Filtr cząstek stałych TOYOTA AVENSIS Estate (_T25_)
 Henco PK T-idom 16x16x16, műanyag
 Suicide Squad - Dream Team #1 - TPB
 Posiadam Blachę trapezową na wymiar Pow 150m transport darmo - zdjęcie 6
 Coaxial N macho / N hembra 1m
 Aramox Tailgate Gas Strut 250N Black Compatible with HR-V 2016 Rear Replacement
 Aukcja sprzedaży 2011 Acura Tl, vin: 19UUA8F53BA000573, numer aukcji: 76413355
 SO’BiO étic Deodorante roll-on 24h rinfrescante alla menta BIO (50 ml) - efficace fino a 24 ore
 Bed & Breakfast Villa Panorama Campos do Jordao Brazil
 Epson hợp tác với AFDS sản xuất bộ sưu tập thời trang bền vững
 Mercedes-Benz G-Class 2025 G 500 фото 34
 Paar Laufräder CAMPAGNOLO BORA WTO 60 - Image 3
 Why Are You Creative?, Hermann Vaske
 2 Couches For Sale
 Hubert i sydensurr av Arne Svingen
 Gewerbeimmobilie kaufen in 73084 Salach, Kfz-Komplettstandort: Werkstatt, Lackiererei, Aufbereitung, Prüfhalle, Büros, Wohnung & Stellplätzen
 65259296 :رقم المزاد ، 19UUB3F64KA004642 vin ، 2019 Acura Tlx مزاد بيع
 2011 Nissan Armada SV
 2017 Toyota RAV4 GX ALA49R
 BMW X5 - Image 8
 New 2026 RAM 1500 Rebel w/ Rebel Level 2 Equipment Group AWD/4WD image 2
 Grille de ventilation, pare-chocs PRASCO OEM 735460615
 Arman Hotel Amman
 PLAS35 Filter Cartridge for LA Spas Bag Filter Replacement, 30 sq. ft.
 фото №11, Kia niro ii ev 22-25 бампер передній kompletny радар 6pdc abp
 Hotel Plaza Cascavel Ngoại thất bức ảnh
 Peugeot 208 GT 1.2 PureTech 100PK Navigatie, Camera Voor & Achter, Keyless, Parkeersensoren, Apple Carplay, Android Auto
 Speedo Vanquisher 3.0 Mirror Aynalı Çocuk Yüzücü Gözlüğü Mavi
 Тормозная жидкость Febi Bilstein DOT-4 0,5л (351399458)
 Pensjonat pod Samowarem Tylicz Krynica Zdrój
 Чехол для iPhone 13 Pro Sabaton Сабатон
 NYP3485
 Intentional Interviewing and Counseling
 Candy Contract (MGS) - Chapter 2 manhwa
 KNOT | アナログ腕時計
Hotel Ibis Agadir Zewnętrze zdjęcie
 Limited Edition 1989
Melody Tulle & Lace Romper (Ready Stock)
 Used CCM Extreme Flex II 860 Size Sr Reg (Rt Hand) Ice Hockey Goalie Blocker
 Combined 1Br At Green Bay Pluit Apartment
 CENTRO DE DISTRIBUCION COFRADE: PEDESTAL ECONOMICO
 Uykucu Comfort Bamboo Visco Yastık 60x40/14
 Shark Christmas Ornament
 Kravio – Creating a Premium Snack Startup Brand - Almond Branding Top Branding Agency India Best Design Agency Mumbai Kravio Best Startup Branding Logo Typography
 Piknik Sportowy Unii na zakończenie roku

◇ ◇ ◇ ◇ ◇

= PROBLEM DESCRIPTION =
Quote the data above from the line containing "2 Couches For Sale" to the line containing "Peugeot 208 GT", inclusive, and stop.

= SOLUTION FOR THIS PROBLEM =
 2 Couches For Sale
 Hubert i sydensurr av Arne Svingen
 Gewerbeimmobilie kaufen in 73084 Salach, Kfz-Komplettstandort: Werkstatt, Lackiererei, Aufbereitung, Prüfhalle, Büros, Wohnung & Stellplätzen
 65259296 :رقم المزاد ، 19UUB3F64KA004642 vin ، 2019 Acura Tlx مزاد بيع
 2011 Nissan Armada SV
 2017 Toyota RAV4 GX ALA49R
 BMW X5 - Image 8
 New 2026 RAM 1500 Rebel w/ Rebel Level 2 Equipment Group AWD/4WD image 2
 Grille de ventilation, pare-chocs PRASCO OEM 735460615
 Arman Hotel Amman
 PLAS35 Filter Cartridge for LA Spas Bag Filter Replacement, 30 sq. ft.
 фото №11, Kia niro ii ev 22-25 бампер передній kompletny радар 6pdc abp
 Hotel Plaza Cascavel Ngoại thất bức ảnh
 Peugeot 208 GT 1.2 PureTech 100PK Navigatie, Camera Voor & Achter, Keyless, Parkeersensoren, Apple Carplay, Android Auto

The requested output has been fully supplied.